→ TASK DESCRIPTION
Transcribe every record that appears below, exactly and in full.

→ DATA
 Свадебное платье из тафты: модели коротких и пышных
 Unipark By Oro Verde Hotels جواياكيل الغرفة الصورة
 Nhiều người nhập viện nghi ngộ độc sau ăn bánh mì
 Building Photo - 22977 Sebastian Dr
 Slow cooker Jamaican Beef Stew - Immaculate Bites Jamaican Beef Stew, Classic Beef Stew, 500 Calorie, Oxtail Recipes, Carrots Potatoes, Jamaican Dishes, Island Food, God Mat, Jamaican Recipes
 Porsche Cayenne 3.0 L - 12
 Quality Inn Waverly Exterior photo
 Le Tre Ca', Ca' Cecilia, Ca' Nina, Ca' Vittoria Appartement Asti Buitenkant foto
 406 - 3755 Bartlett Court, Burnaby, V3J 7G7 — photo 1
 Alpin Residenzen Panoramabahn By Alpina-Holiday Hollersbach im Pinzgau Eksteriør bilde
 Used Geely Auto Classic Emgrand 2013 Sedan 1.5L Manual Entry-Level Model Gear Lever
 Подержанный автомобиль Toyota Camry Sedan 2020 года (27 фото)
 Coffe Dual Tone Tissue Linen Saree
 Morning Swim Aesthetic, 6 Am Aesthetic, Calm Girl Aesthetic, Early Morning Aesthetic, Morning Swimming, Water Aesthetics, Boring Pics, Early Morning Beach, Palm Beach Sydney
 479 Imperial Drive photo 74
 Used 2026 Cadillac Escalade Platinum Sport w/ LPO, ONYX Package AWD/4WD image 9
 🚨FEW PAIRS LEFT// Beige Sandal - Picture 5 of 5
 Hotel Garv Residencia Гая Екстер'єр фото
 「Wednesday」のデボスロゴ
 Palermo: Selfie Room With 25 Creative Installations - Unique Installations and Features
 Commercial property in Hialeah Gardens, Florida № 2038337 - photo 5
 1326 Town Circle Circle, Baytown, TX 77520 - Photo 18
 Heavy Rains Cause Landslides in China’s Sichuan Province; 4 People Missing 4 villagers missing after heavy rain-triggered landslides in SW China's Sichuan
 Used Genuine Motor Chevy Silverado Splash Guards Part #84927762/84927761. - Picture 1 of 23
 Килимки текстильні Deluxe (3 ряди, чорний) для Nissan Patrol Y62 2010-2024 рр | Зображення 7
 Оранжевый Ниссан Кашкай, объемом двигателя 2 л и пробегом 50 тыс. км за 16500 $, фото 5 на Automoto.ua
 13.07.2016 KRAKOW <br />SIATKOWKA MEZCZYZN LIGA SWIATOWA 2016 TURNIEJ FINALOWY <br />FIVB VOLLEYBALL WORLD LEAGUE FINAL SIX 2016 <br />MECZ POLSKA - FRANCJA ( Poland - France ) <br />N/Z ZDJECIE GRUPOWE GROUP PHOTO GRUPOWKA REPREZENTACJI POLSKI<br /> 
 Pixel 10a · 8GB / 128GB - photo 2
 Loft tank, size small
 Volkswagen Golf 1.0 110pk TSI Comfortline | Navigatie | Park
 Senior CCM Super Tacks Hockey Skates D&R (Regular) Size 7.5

→ EXERCISE SOLUTION
 Свадебное платье из тафты: модели коротких и пышных
 Unipark By Oro Verde Hotels جواياكيل الغرفة الصورة
 Nhiều người nhập viện nghi ngộ độc sau ăn bánh mì
 Building Photo - 22977 Sebastian Dr
 Slow cooker Jamaican Beef Stew - Immaculate Bites Jamaican Beef Stew, Classic Beef Stew, 500 Calorie, Oxtail Recipes, Carrots Potatoes, Jamaican Dishes, Island Food, God Mat, Jamaican Recipes
 Porsche Cayenne 3.0 L - 12
 Quality Inn Waverly Exterior photo
 Le Tre Ca', Ca' Cecilia, Ca' Nina, Ca' Vittoria Appartement Asti Buitenkant foto
 406 - 3755 Bartlett Court, Burnaby, V3J 7G7 — photo 1
 Alpin Residenzen Panoramabahn By Alpina-Holiday Hollersbach im Pinzgau Eksteriør bilde
 Used Geely Auto Classic Emgrand 2013 Sedan 1.5L Manual Entry-Level Model Gear Lever
 Подержанный автомобиль Toyota Camry Sedan 2020 года (27 фото)
 Coffe Dual Tone Tissue Linen Saree
 Morning Swim Aesthetic, 6 Am Aesthetic, Calm Girl Aesthetic, Early Morning Aesthetic, Morning Swimming, Water Aesthetics, Boring Pics, Early Morning Beach, Palm Beach Sydney
 479 Imperial Drive photo 74
 Used 2026 Cadillac Escalade Platinum Sport w/ LPO, ONYX Package AWD/4WD image 9
 🚨FEW PAIRS LEFT// Beige Sandal - Picture 5 of 5
 Hotel Garv Residencia Гая Екстер'єр фото
 「Wednesday」のデボスロゴ
 Palermo: Selfie Room With 25 Creative Installations - Unique Installations and Features
 Commercial property in Hialeah Gardens, Florida № 2038337 - photo 5
 1326 Town Circle Circle, Baytown, TX 77520 - Photo 18
 Heavy Rains Cause Landslides in China’s Sichuan Province; 4 People Missing 4 villagers missing after heavy rain-triggered landslides in SW China's Sichuan
 Used Genuine Motor Chevy Silverado Splash Guards Part #84927762/84927761. - Picture 1 of 23
 Килимки текстильні Deluxe (3 ряди, чорний) для Nissan Patrol Y62 2010-2024 рр | Зображення 7
 Оранжевый Ниссан Кашкай, объемом двигателя 2 л и пробегом 50 тыс. км за 16500 $, фото 5 на Automoto.ua
 13.07.2016 KRAKOW <br />SIATKOWKA MEZCZYZN LIGA SWIATOWA 2016 TURNIEJ FINALOWY <br />FIVB VOLLEYBALL WORLD LEAGUE FINAL SIX 2016 <br />MECZ POLSKA - FRANCJA ( Poland - France ) <br />N/Z ZDJECIE GRUPOWE GROUP PHOTO GRUPOWKA REPREZENTACJI POLSKI<br /> 
 Pixel 10a · 8GB / 128GB - photo 2
 Loft tank, size small
 Volkswagen Golf 1.0 110pk TSI Comfortline | Navigatie | Park
 Senior CCM Super Tacks Hockey Skates D&R (Regular) Size 7.5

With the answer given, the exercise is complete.